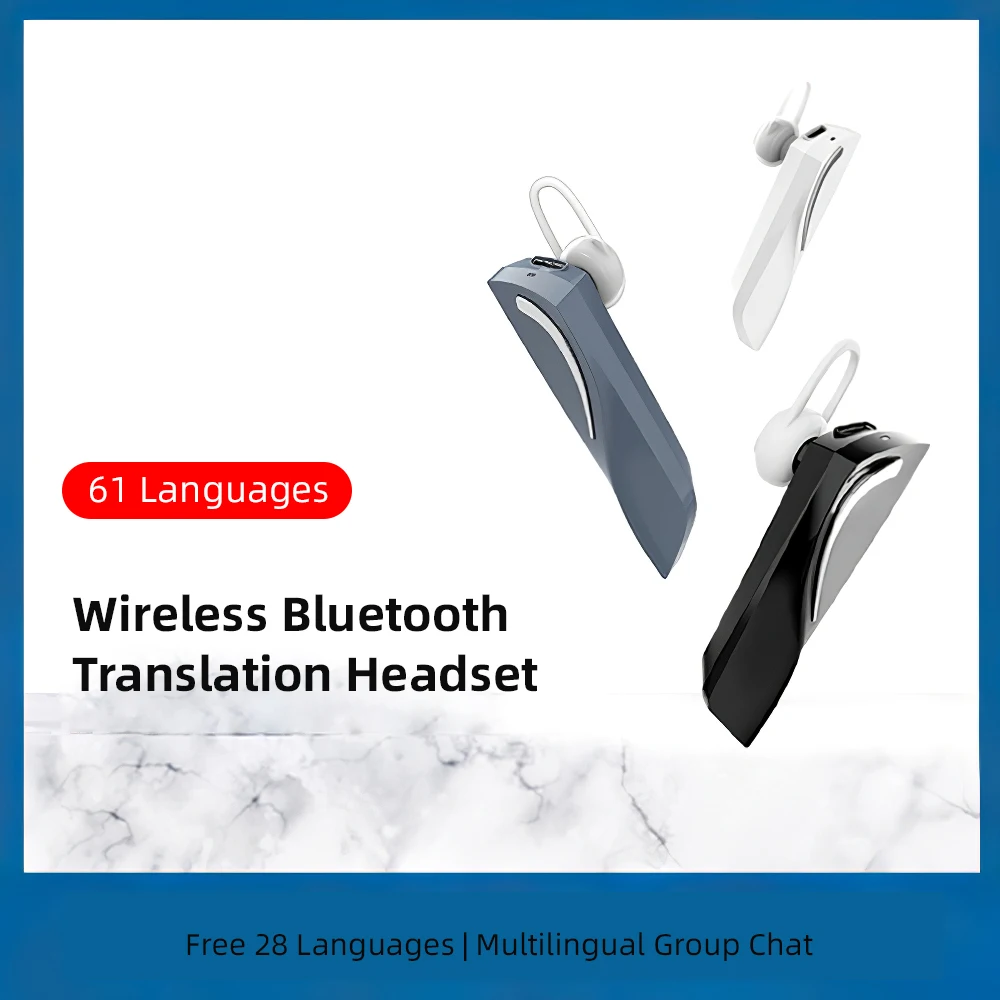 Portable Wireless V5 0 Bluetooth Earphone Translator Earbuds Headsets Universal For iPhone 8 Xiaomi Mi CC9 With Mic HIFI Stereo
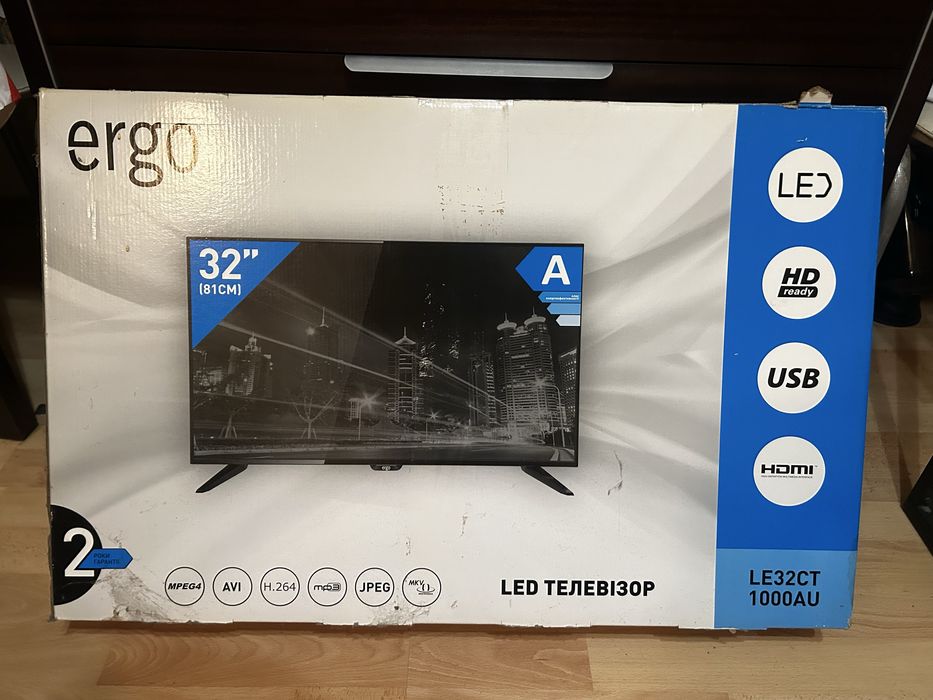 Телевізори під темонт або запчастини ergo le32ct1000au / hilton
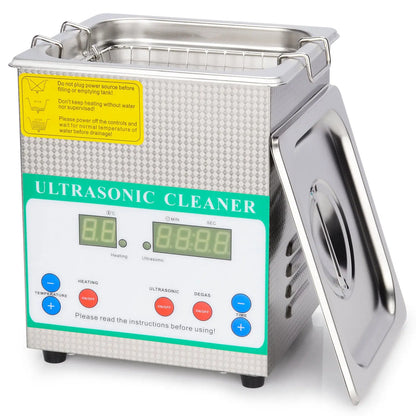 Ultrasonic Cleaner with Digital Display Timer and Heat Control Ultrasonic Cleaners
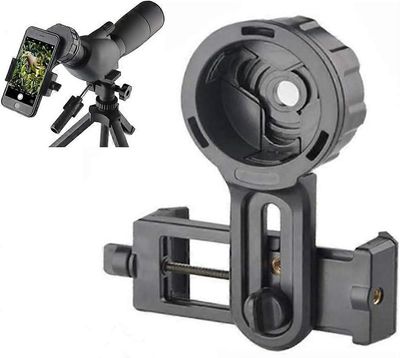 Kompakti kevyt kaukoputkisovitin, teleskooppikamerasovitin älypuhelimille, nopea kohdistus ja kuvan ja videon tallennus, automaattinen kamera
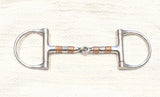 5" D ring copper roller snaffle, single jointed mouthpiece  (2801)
==
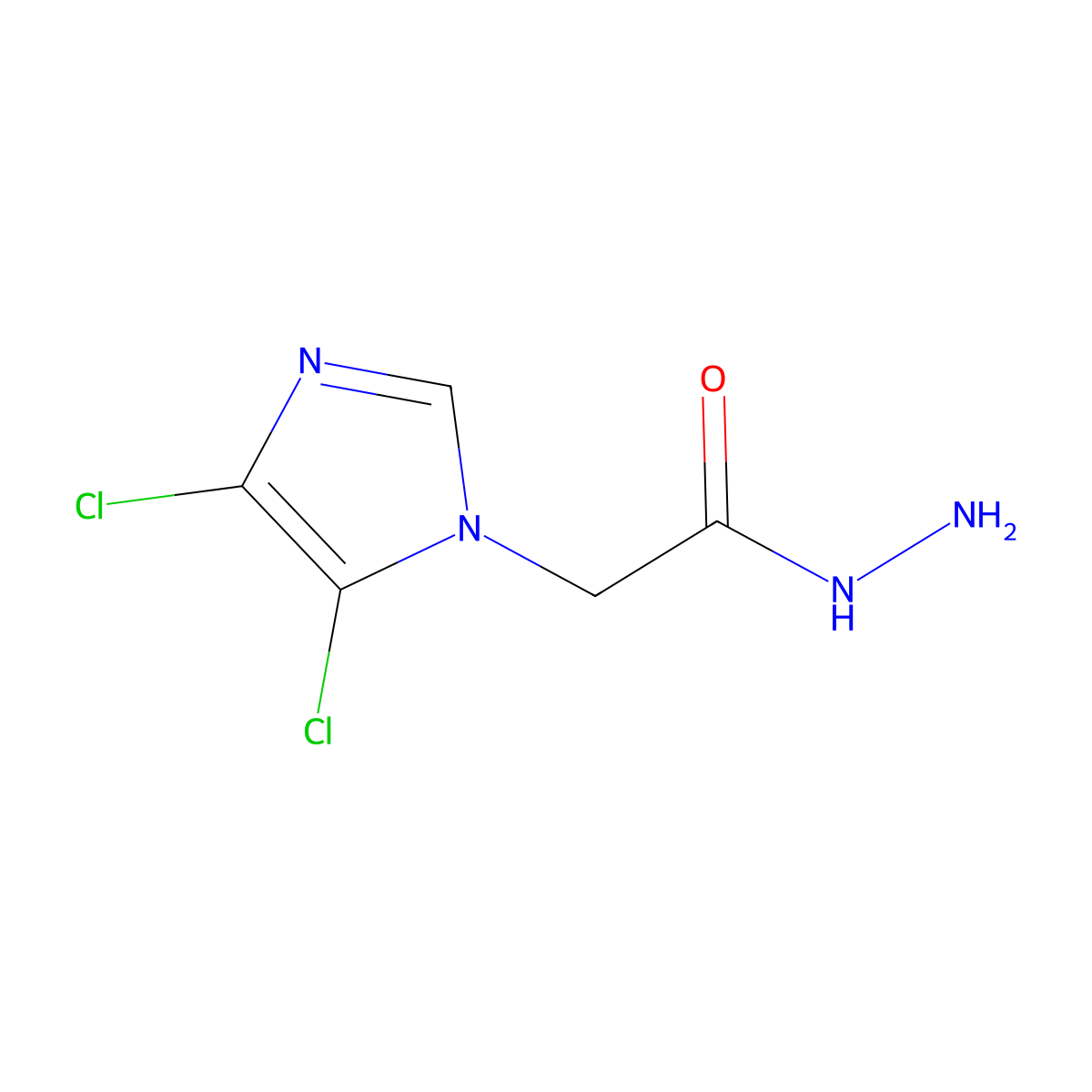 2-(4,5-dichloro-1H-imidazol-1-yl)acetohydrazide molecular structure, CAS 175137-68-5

What you should do » Whatever pictures the records hold, omit them; give again exactly the lines from the one containing "Kompakti kevyt kaukoputkisovitin, teleskooppikamerasovitin" through the one containing "D ring copper".

Task response »
 Kompakti kevyt kaukoputkisovitin, teleskooppikamerasovitin älypuhelimille, nopea kohdistus ja kuvan ja videon tallennus, automaattinen kamera
 5" D ring copper roller snaffle, single jointed mouthpiece  (2801)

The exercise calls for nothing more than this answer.